The Hermetic wisdom tradition posited 7 Principles which includes the popular phrase “As Above, So Below”. This principle is recognition that the skies above mimic the earth below which mimics the microscopic universe unseen to the naked eye. Thus is the basis for astrology and the reliance of most indigenous traditions on the heavens as maps for our world below. This worldwide belief is fractal in nature suggesting that complex patterns are similar across different scales.
For something to be a universal truth it must scale up and scale down and be operable on different levels of abstraction and reality. A concept related to fractals is that of templates. For instance, an acorn already knows how to become an oak tree and cannot become a maple tree. It contains the template for oak tree, a unique pattern in the universe that creates a tree that looks, feels, and lives a certain way. Trees are fractals as they repeat smaller and smaller versions of themselves across the forest. The trees are never identical. Each is unique. Identical is not found in nature.
This variance appears to be a universal truth, that no two things (stars, planets, humans, animals, etc…) are the same. If uniformity were to exist it would create much higher degrees of certainty and order. Variance creates complexity, exceptions, and character which requires us to connect to the unique soul of something, its individuation.
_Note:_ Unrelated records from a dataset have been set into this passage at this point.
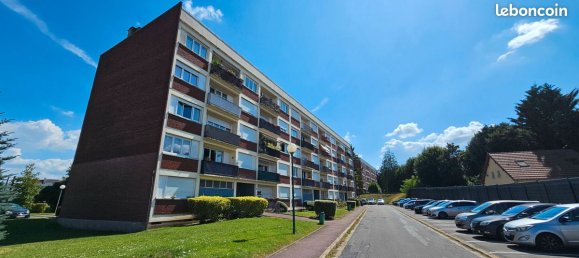 Apartamento de 2 dormitorios en Domont, France No. 318132 2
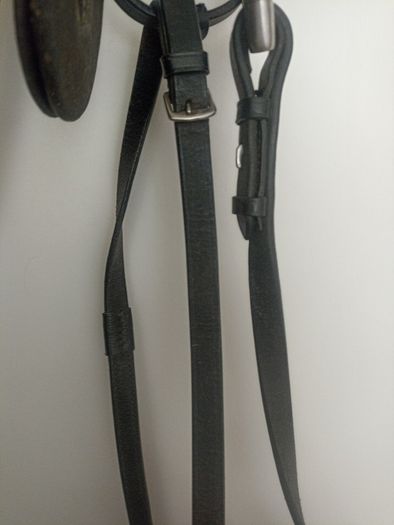 Cob Snaffle Bridle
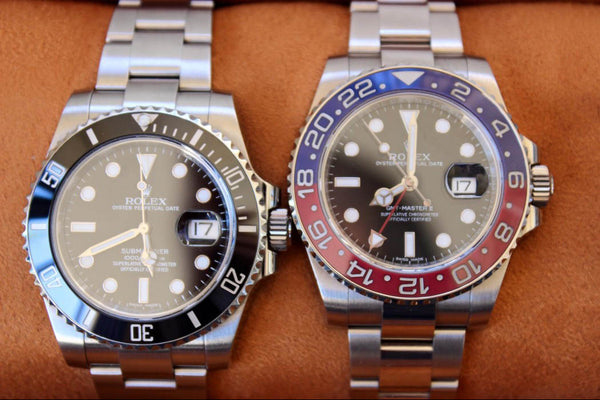 Different Cyclops Magnifications on Different Rolex Models?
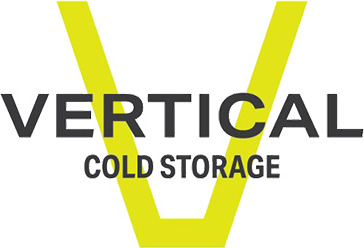 Vertical Cold Storage Logo
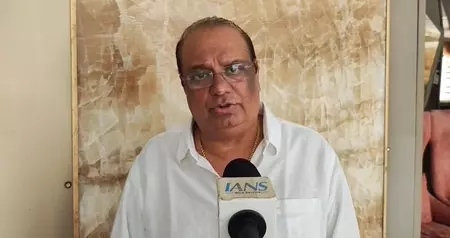 उद्धव ठाकरे की पार्टी भ्रमित, जनता को कर रही गुमराह : शिवसेना नेता कृष्णा हेगड़े उद्धव ठाकरे की पार्टी भ्रमित, जनता को कर रही गुमराह : शिवसेना नेता कृष्णा हेगड़े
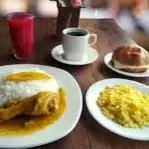 Desayuno completo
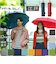 【当商品送料無料】mabu 折りたたみ 傘 江戸 通販 マブ 晴雨兼用傘 晴雨兼用折りたたみ傘 雨傘 日傘 UVカット 12本骨 かさ カサ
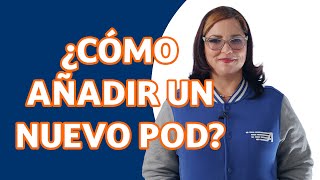 ¿Cómo configurar su nuevo Pod [upl. by Sherline]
As all living things (and many of our man-made things too) individuate, they can be thought of to be held together by a CONTAINER. Two oak trees next to each other each grow from the template/essence of oak tree but look dissimilar in their main and minor branches (variance). The boundary between the dirt and the root, the trunk and the air, and the branches/leaves and the sky is the outline of the container which holds the oak tree.
Every thing has a container, a defined edge that creates differentiation and distinction. This laptop is not the desk because there is a clear boundary between the two. The edge of my body is the edge of the container of Evan and the same for you, dear reader. Edges mark BOUNDARIES where one thing ends and another beings. Boundaries are often where greatest aliveness occurs. Where the container of ocean meets the container of continent is a significant boundary where biodiversity is high.
Containers exist in many ways beyond the natural world. Police jurisdiction ends at one road and another begins. A team or an organization is a container. A tribal identity or a family is a container. All are unique, defined, and highly complex. Any thing that is not everything has a container. This is the nature of duality, individuation, and otherness.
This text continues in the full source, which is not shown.